- _Exercise instructions_
Except for the images, repeat the entries below word for word.

━━━

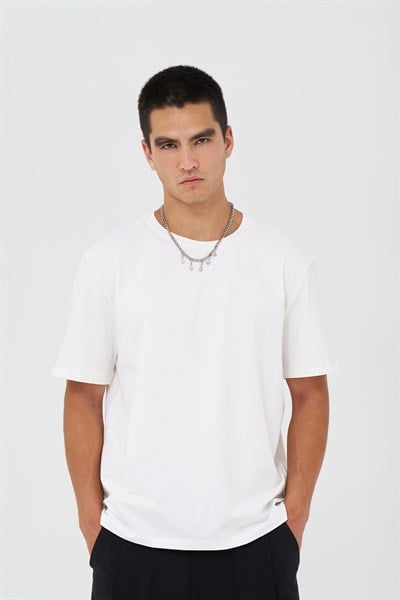 Basic Slim Fit Tişört Erkek /01 Ekru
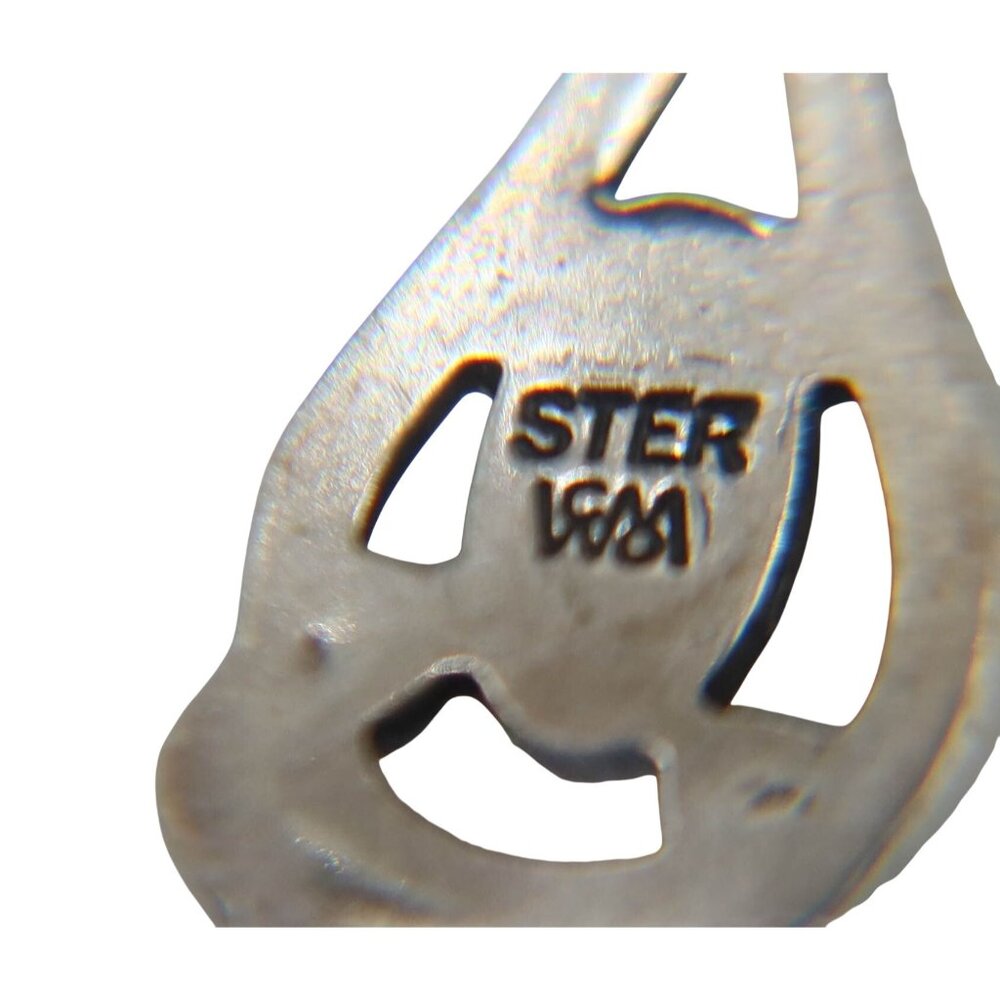 Vintage Sterling Silver Opal Teardrop Pendant Necklace WHEELER MANUFACTURING Co - Picture 7 of 10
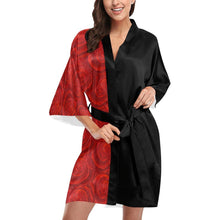 Load image into Gallery viewer, Red Rose Bud &amp; Black Satin Kimono Robe | JSFA - JSFA - Art On Fashion by Jenny Simon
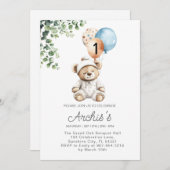 Greenery Beer Verjaardagsuitnodiging, eerste Teddy Kaart (Voorkant / Achterkant)
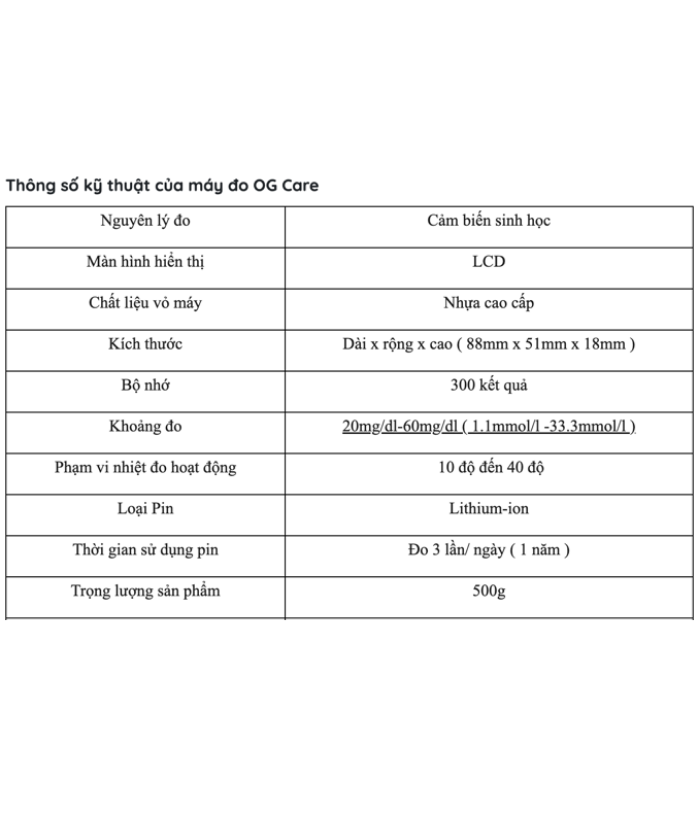 OGCARE Máy Đo  Đường Huyết - Tiểu Đường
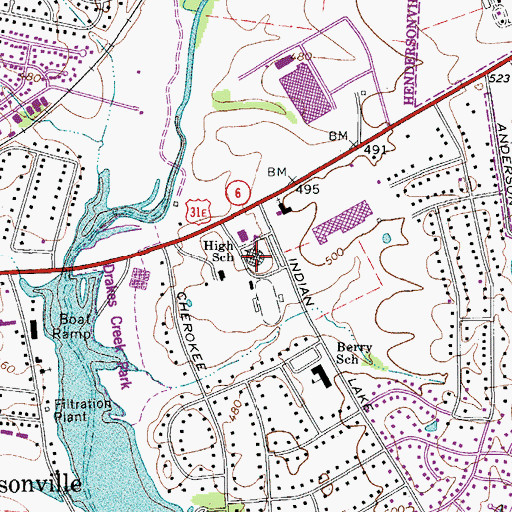 Topographic Map of E B Wilson Night School, TN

━━━

- _Exercise output_
 Basic Slim Fit Tişört Erkek /01 Ekru
 Vintage Sterling Silver Opal Teardrop Pendant Necklace WHEELER MANUFACTURING Co - Picture 7 of 10
 Load image into Gallery viewer, Red Rose Bud &amp; Black Satin Kimono Robe | JSFA - JSFA - Art On Fashion by Jenny Simon
 Greenery Beer Verjaardagsuitnodiging, eerste Teddy Kaart (Voorkant / Achterkant)
 OGCARE Máy Đo  Đường Huyết - Tiểu Đường
 Topographic Map of E B Wilson Night School, TN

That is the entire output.